We will create a route /user-error that will generate a generic JavaScript Error as we did in our initial example, but here we will include the user’s information using the raygunClient.user method. Take a look at the code sample below to see how we accomplish this.


// attach a user to a raygun error
app.get('/user-error', function(req, res){

    // create a raygun user
    raygunClient.user = function(req) {
        var user = {
            identifier: "<a href='mailto:ado@scotch.io'>ado@scotch.io</a>",
            fullName : "Ado Kukic",
            isAnonymous : false
        } 
        return user;
    }

    // create the error
    var err = new Error("User Tracking Error");

    // send the error
    raygunClient.send(err);

    // send info back to the browser
    res.send("User Tracking Error");

});

Running this code and navigating to the http://localhost:8080 will display the “User Tracking Error” message in your browser.

If you navigate to your Raygun dashboard though, and click into the Users tab, you will be able to see that our user “Ado Kukic” has experienced some issues using our app. We can further click into Ado Kukic and see what errors he has experienced and when the last occurrence of the errors were.

Knowing which users were affected by errors in your application is invaluable for both diagnosis and public relations.

The raygunClient.user method allows you to specify which information about the user you would like to capture. The only required field is an identifier, so if you would prefer not to send potentially sensitive user information to Raygun but still would like to have some type of attribution of errors to user accounts, you can devise your own unique identifier and use that instead.

Conclusion

Raygun simplifies the process of tracking and diagnosing errors in your application. Today we integrated a simple Node.js application into Raygun. We showcased how Raygun can be an invaluable tool in diagnosing and tracking issues and errors with your application.

Raygun tracks both automatic and developer initiated errors. Additionally, Raygun’s user tracking system allows you to attribute errors to users for better diagnosis.
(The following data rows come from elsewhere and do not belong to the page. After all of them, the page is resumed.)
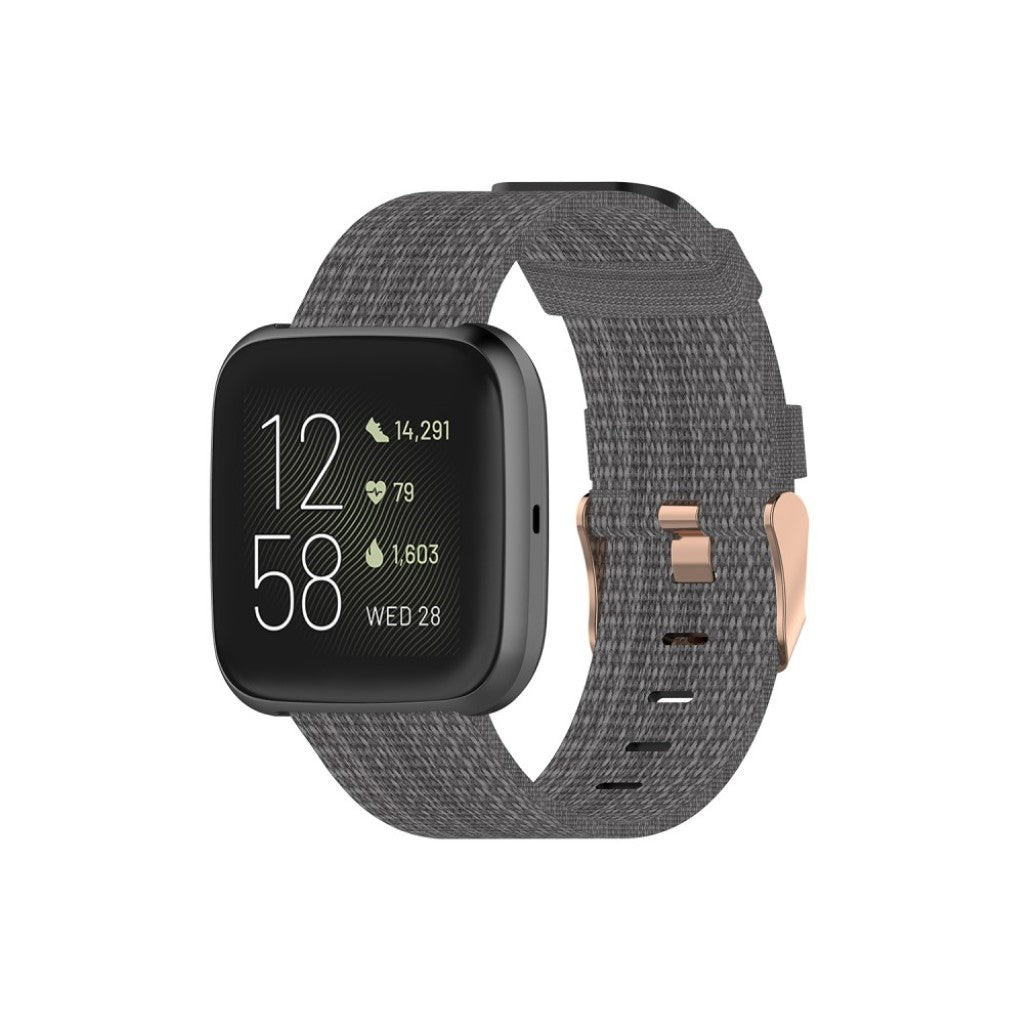 Helt vildt rart Fitbit Versa 2 / Fitbit Blaze Nylon Rem - Sølv#serie_10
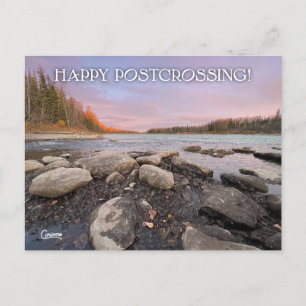 Postcrossing Kenai River - Postcard
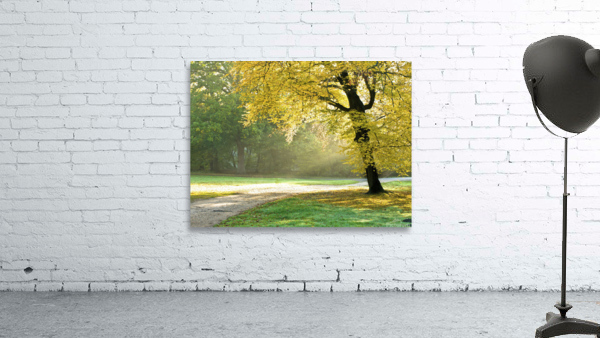 Autumn tree Wall Preview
Below is the full application we built that showcases different types of error that Raygun can handle.


// grab the modules we need
var express = require('express'),
    raygun = require('raygun');

// initiate a raygun client
var raygunClient = new raygun.Client().init({ apiKey: 'API-KEY-HERE' });

// get an instance of express for our application
var app = express();

// IMPORTANT: per Express and Raygun documentation, for Raygun to properly capture application based errors it's middleware will need to be called before the app.listen function
app.use(raygunClient.expressHandler);

// create the simple-error route
app.get('/simple-error', function(req, res){
    // create a new error object
    var err = new Error('Simple Error');

    // send that error off to raygun
    raygunClient.send(err);

    // send a message back to the browser
    res.send('Simple Error Thrown');
});

app.get('/app-error', function(req, res){
    // sunday is an undeclared variable
    var message = "Hello world! Today is " + sunday; 

    // send this message back to the client
    res.send(message);
});

// attach a user to a raygun error
app.get('/user-error', function(req, res){

    // create a raygun user
    raygunClient.user = function(req) {
        var user = {
            identifier: "<a href='mailto:ado@scotch.io'>ado@scotch.io</a>",
            fullName : "Ado Kukic",
            isAnonymous : false
        } 
        return user;
    }

    // create the error
    var err = new Error("User Tracking Error");

    // send the error
    raygunClient.send(err);

    // send info back to the browser
    res.send("User Tracking Error");

});

// start our app on port 8080
app.listen('8080');

Finding and fixing issues before users experience them is vital to a building an applications that users will come back to. Raygun will save you the headache of digging through hard to read server logs after an issue is reported by an unhappy user.